Wer Learning Analytics erfolgreich einsetzen möchte, sollte nicht bei den technischen Möglichkeiten stehen bleiben. Erst wenn Lernende sich sicher fühlen, verstanden werden und ihre Daten als Teil eines sinnvollen Lernprozesses erleben, kann das volle Potenzial gehoben werden. Ethik ist dabei kein Hindernis – sondern die Grundlage für nachhaltigen Lernerfolg.

Literatur

Greller, W., & Drachsler, H. (2012). Translating learning into numbers: A generic framework for learning analytics. Educational Technology & Society, 15(3), S. 42-57.

Ifenthaler, D., & Yau, J. Y.-K. (2020). Utilising learning analytics to support study success in higher education: A systematic review. Educational Technology Research and Development, 68(4), S. 1961-1990.

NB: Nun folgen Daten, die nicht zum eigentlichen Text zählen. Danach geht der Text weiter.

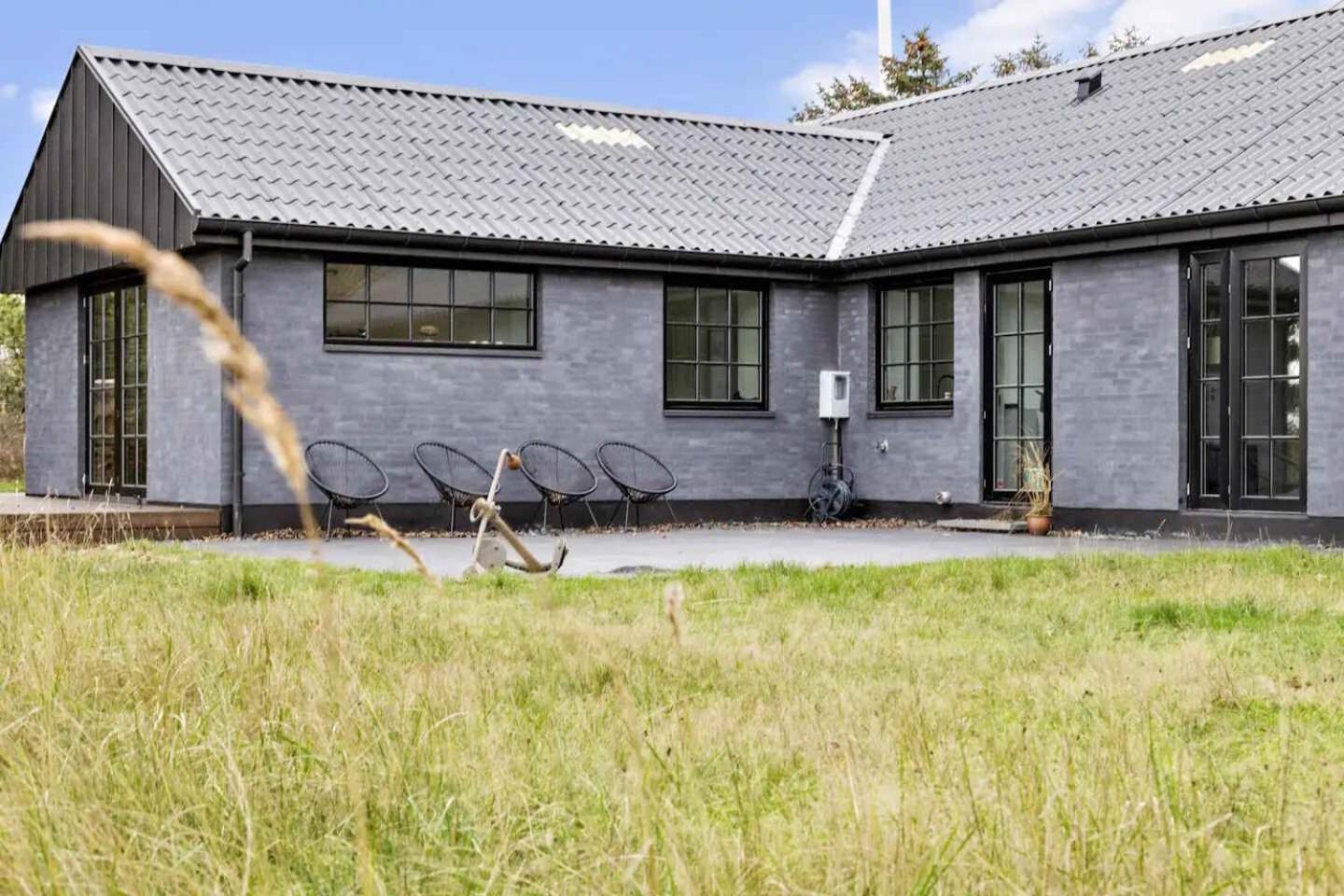 Five-Bedroom Holiday Home photo 2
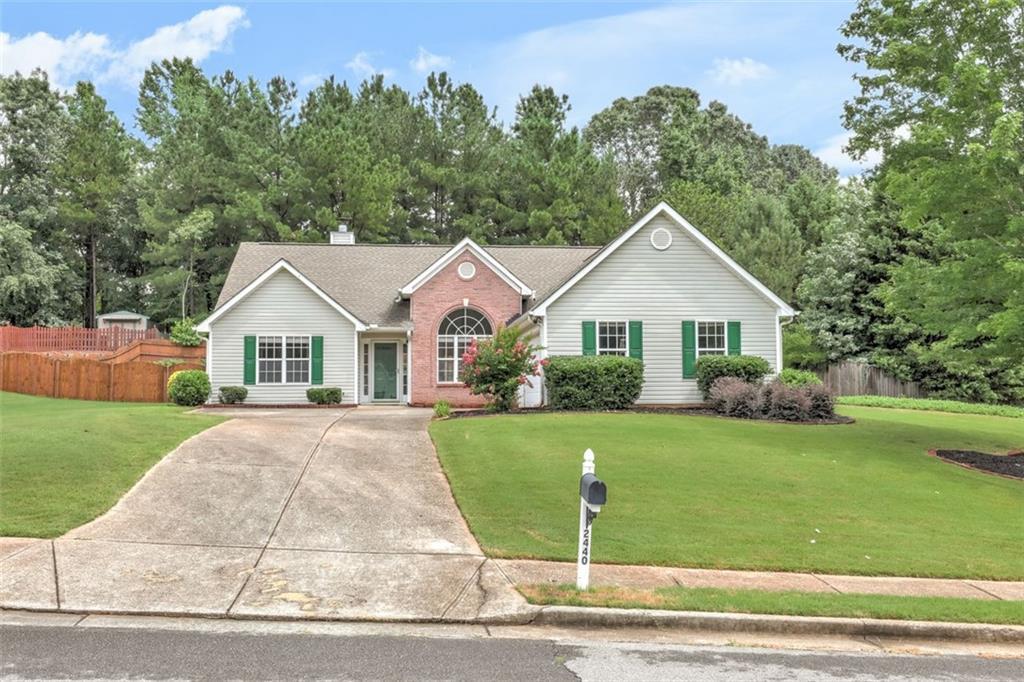 2440 Pemberton Point, Buford, GA 30519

Papamitsiou, Z., & Economides, A. A. (2014). Learning analytics and educational data mining in practice: A systematic literature review of empirical evidence. Educational Technology & Society, 17(4), S. 49-64.

Prinsloo, P., & Slade, S. (2017). Ethics and learning analytics: Charting the (un)charted. In C. Lang, G. Siemens, A. Wise, & D. Gašević (Eds.), Handbook of Learning Analytics (pp. 49–57). Society for Learning Analytics Research (SoLAR).

Sclater, N. (2017). Learning analytics explained. Routledge.

Slade, S., & Prinsloo, P. (2013). Learning analytics: Ethical issues and dilemmas. American Behavioral Scientist, 57(10), S. 1510-1529.